━━━━━ SOURCE MATERIAL ━━━━━

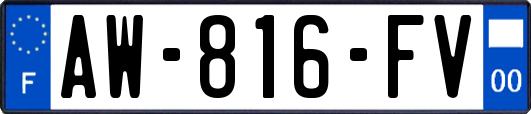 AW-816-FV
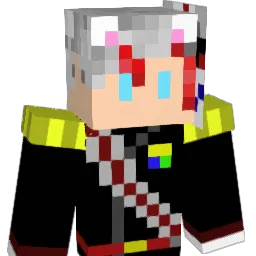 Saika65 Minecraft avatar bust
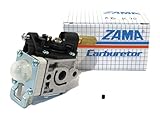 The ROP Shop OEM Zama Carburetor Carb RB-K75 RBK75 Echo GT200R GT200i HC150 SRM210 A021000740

━━━━━

> _DESCRIPTION OF THE TASK_: Could you copy the listing above exactly, without its pictures?

> _SOLUTION TO THIS PROBLEM_:
 AW-816-FV
 Saika65 Minecraft avatar bust
 The ROP Shop OEM Zama Carburetor Carb RB-K75 RBK75 Echo GT200R GT200i HC150 SRM210 A021000740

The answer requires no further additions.